We can also manipulate the limits of the axes by using xlim() and ylim() within a call to coord_cartesian(). For example, assume that we are only interested in countries with a GDP per capita from 0 to 30,000. Recall that, because data is the first argument and mapping is the second to ggplot(), we don’t actually have to name the arguments. We can just provide them, as long as they are in the correct order.

ggplot(gapminder_filt,
aes(x = gdpPercap, y = lifeExp, color = continent)) +
geom_point() +
facet_wrap(~ continent) +
coord_cartesian(xlim = c(0, 30000))

We can see that the GDP per capita on the x-axis is now only shown from 0 to 30,000.

#### 1.4.4.2scale_x and scale_y

We can also change the scaling of the axes. For example, it might be useful to display the axes on a logarithmic scale by using scale_x_log10() or scale_y_log10(). Also, note that we can (lazily!) not provide the explicit x and y argument names to aes() as long as we provide the values in the right order: x comes before y.

ggplot(gapminder_filt,
aes(gdpPercap, lifeExp, color = continent)) +
geom_point() +
facet_wrap(~ continent) +
geom_smooth(formula = y ~ x, method = "lm", se = FALSE) +
scale_x_log10()

Beyond scale_x_log10(), there are other ways to change the scales.

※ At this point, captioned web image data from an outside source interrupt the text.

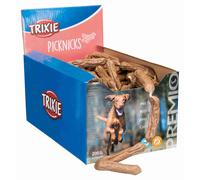 Pique-niques avec du bacon 8 cm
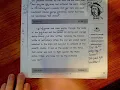 Daily Paragraph Editing p 77 bottom paragraph grading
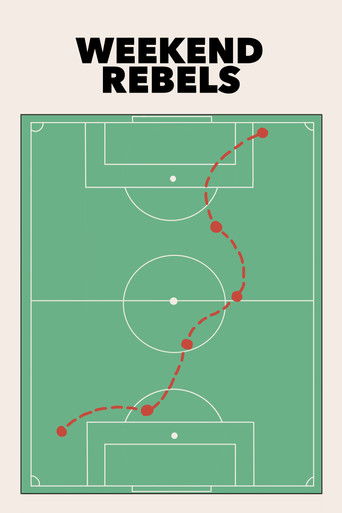 Бунтари выходного дня
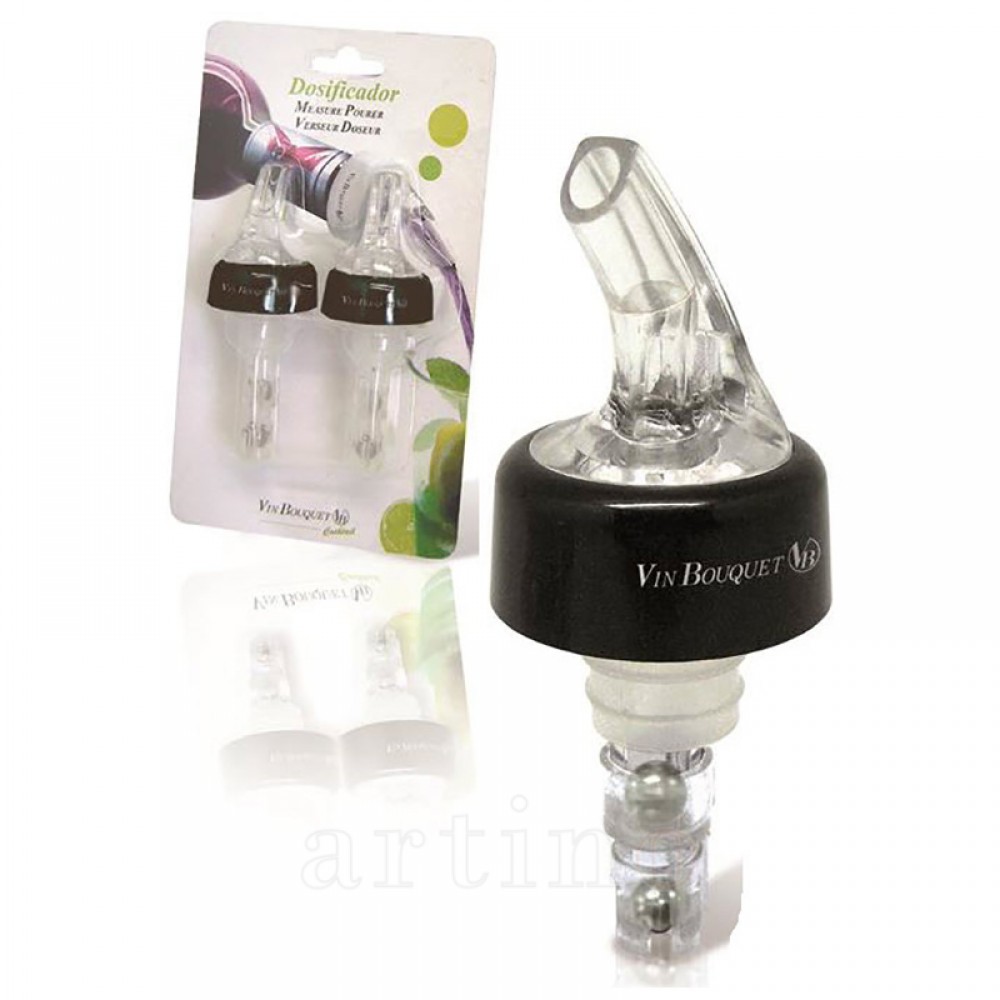 Set 2 dozatoare 20 ml,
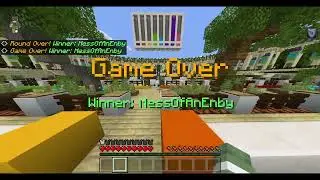70+ Minecraft Minigames with my Idiot Friends ❤️️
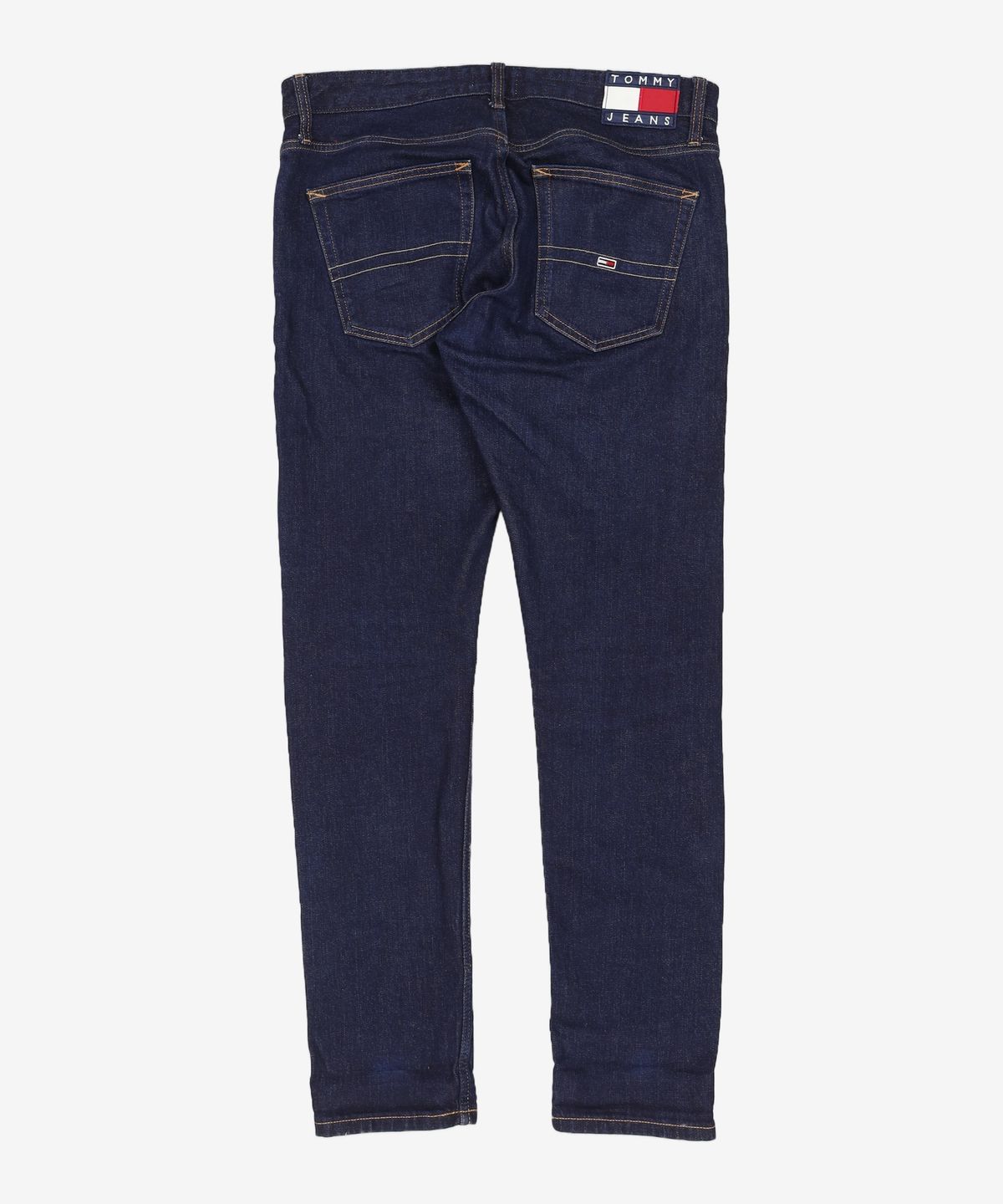 타미진스(TOMMY JEANS) 청/데님 팬츠 L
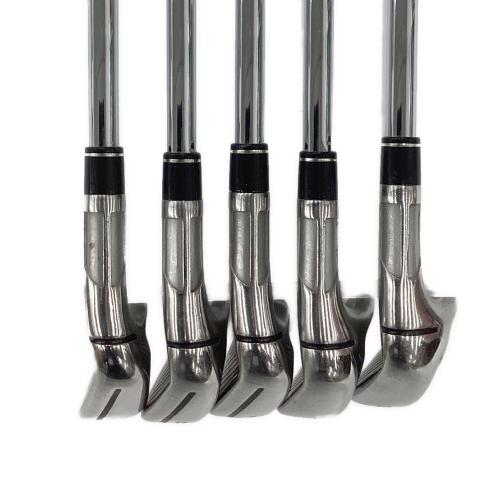 TaylorMade SIM2 MAX アイアン5本セット/シャフト：Dynamic Gold 85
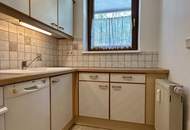Gepflegte 2-Zimmer-Wohnung im 2. Stock inkl. TG-Parkplatz
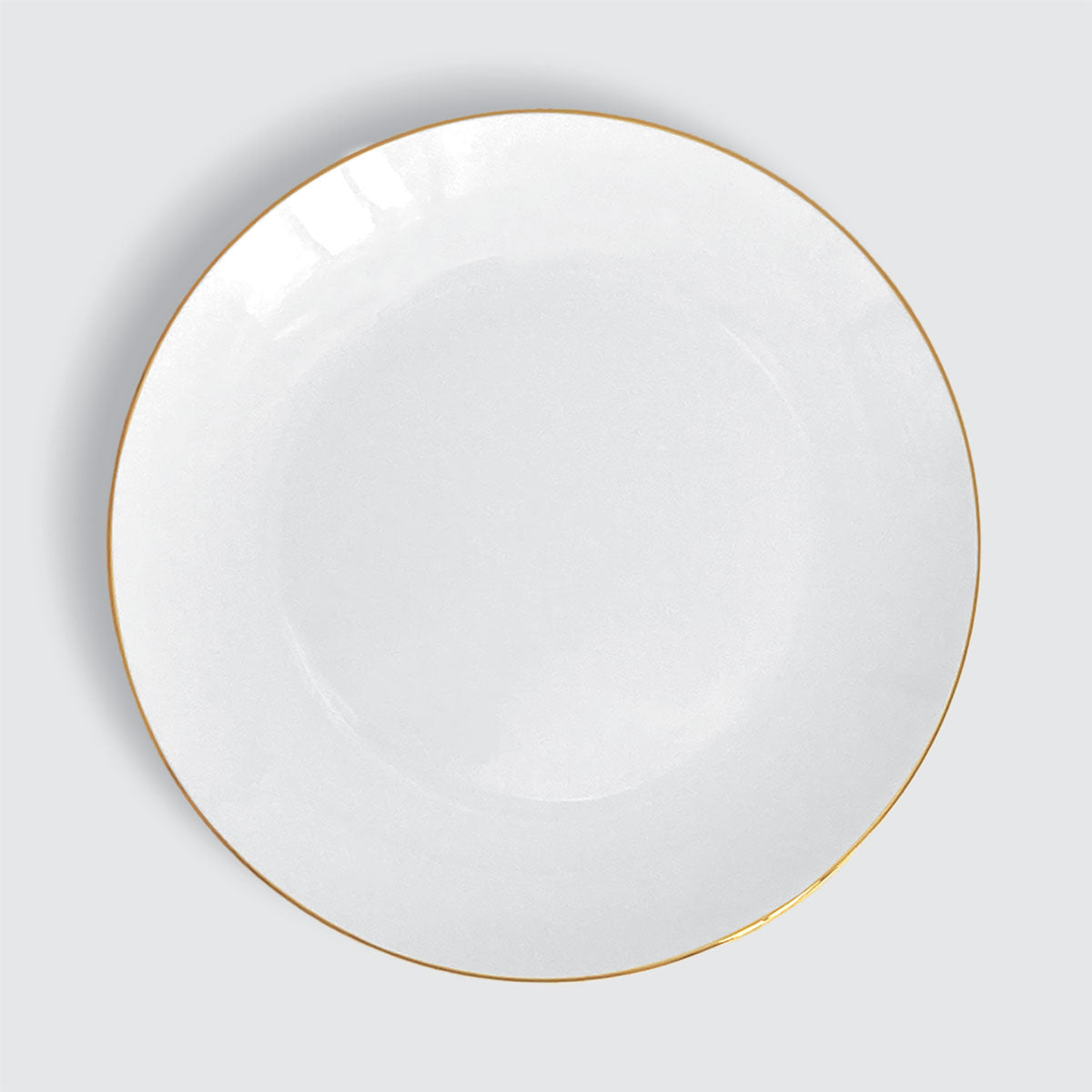 Charles Millen GOLD 6 Pax Dinning Set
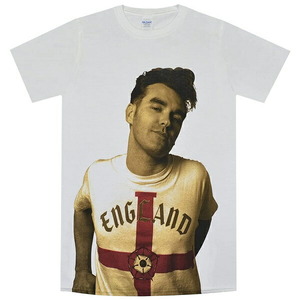 MORRISSEY モリッシー Glamorous Glue Tシャツ Mサイズ オフィシャル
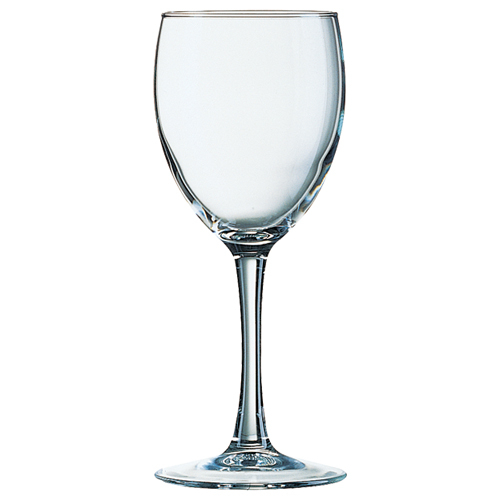 Arcoroc Princesa Wine Glass 310ml -  Tempered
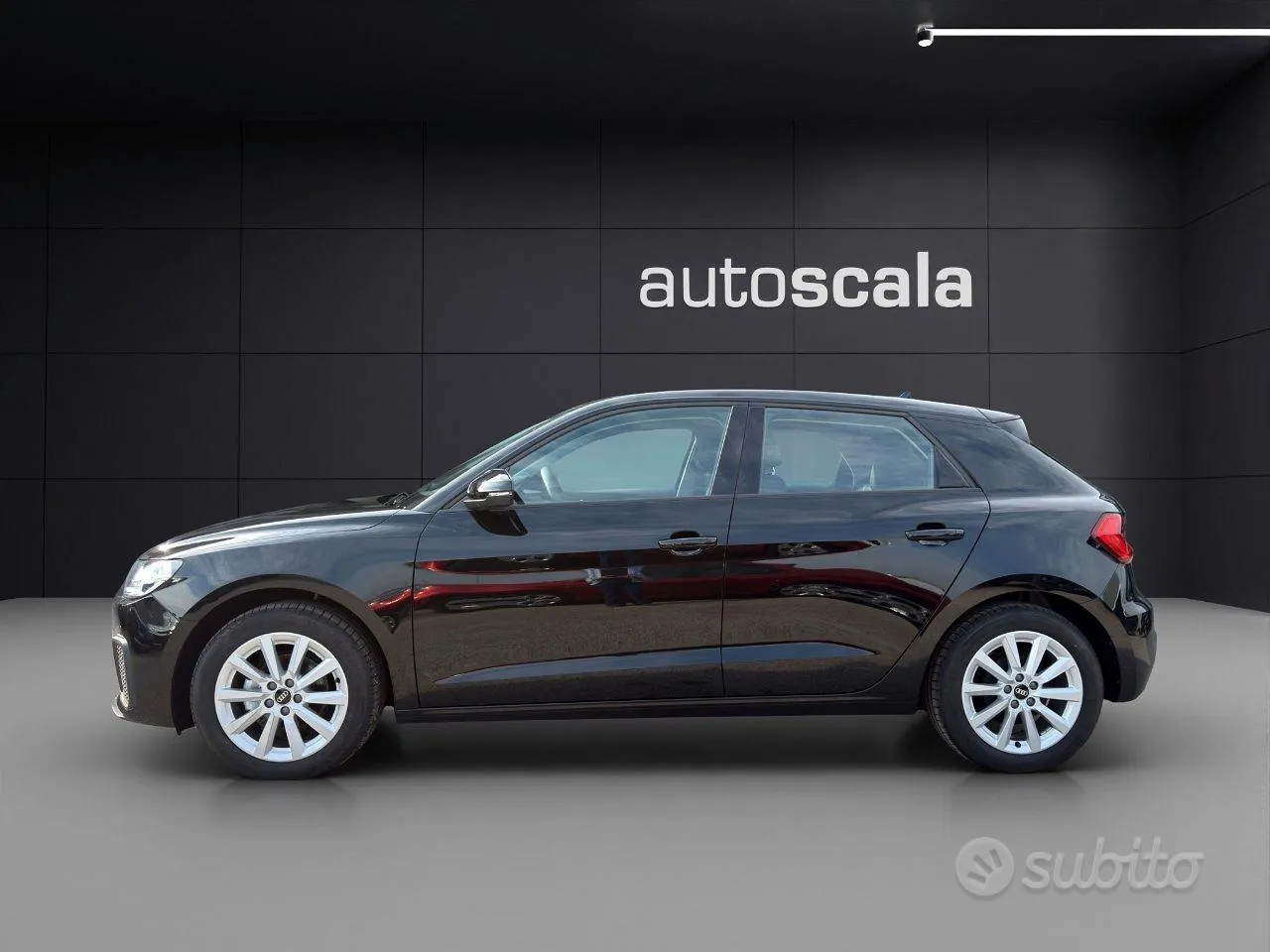 Audi A1 Sportback 2025 photo 2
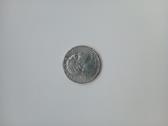 JAV 2025 D Kvoteris Juliette Gordon Low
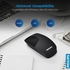 Philips Wireless Mouse Black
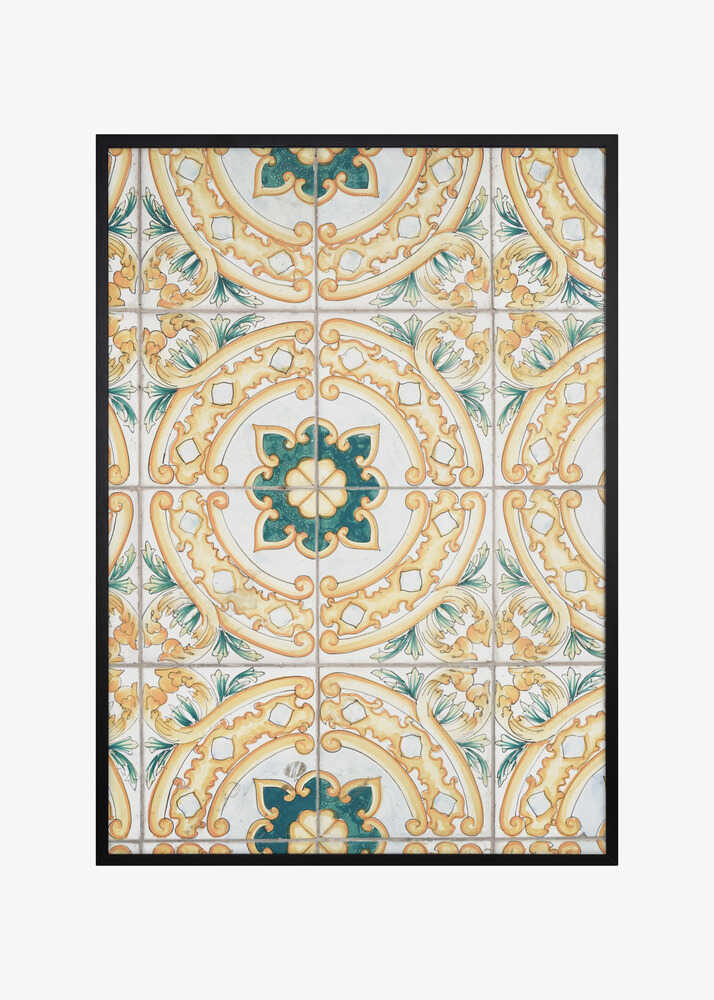 Capri Tiles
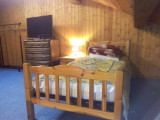 Chalet Pollet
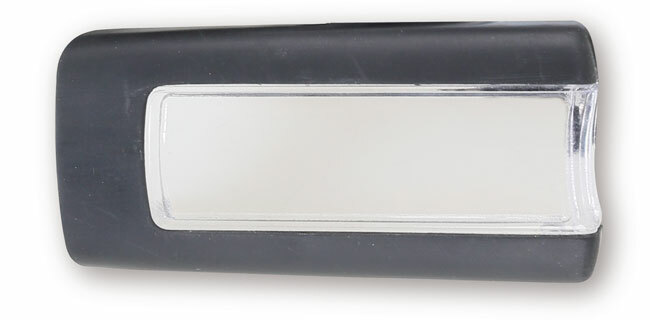 Szybka do lampy 1838/11led, model 1838rv/11led 1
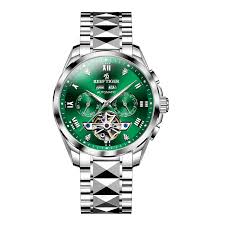 Classic - Constant Motion Watch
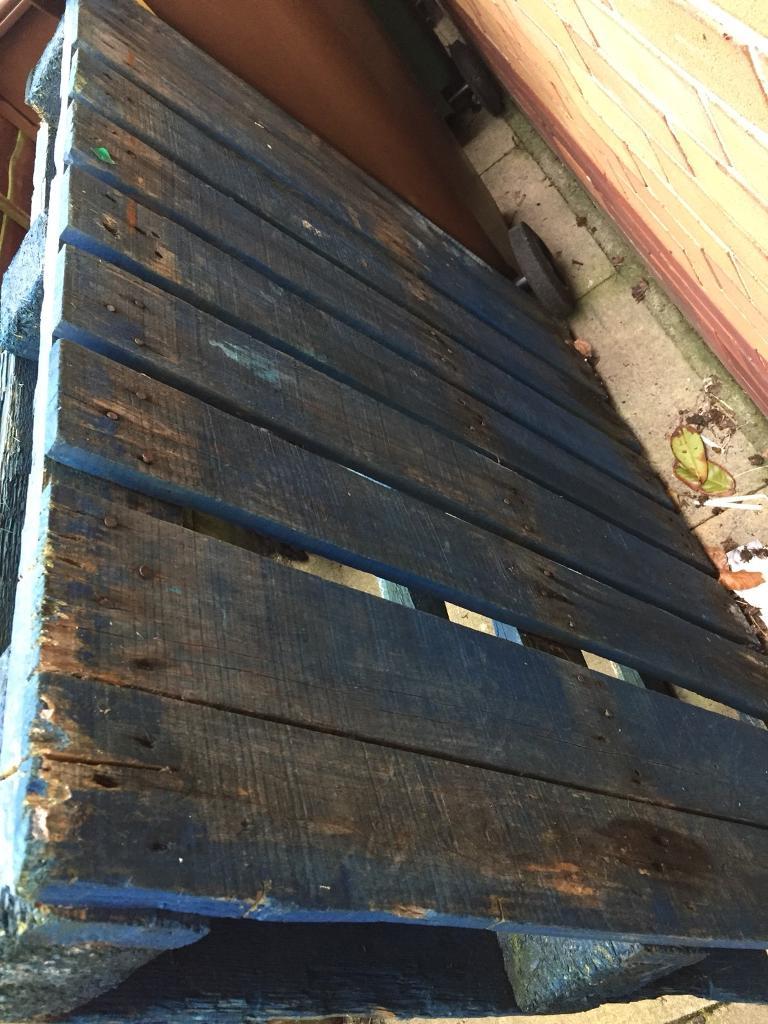 4pallets For Sale In Preston Lancashire Gumtree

We will cover scale_y_continuous and scale_x_continuous in this section.

There are two major uses for scale_x_continuous, and that is to change the breaks and the labels. Take the graph below.

ggplot(gapminder_filt,
aes(gdpPercap, lifeExp, color = continent)) +
geom_point() +
facet_wrap(~continent) +
geom_smooth(formula = y ~ x, method = "lm", se = FALSE)

We only want there to be breaks on the y-axis every 20 years instead of every 10. We also want to add dollar signs to the x-axis, and to have breaks every 20,000 dollars. Let’s fix the graph!

ggplot(gapminder_filt,
aes(gdpPercap, lifeExp, color = continent)) +
geom_point() +
facet_wrap(~continent) +
geom_smooth(formula = y ~ x, method = "lm", se = FALSE) +
scale_y_continuous(breaks = c(40, 60, 80)) +
scale_x_continuous(labels = scales::dollar_format(),
breaks = c(0, 20000, 40000))

Let’s break this down. We used the breaks argument to create the breaks on the scale. We used the c() function to specify what breaks we wanted. Then, we used labels to modify the labels on the x-axis. The :: allows us to extract a function from a specific package, if the function exists in multiple packages. So, we specifically extract the dollar_format function from the scales package to change the labels of the x-axis.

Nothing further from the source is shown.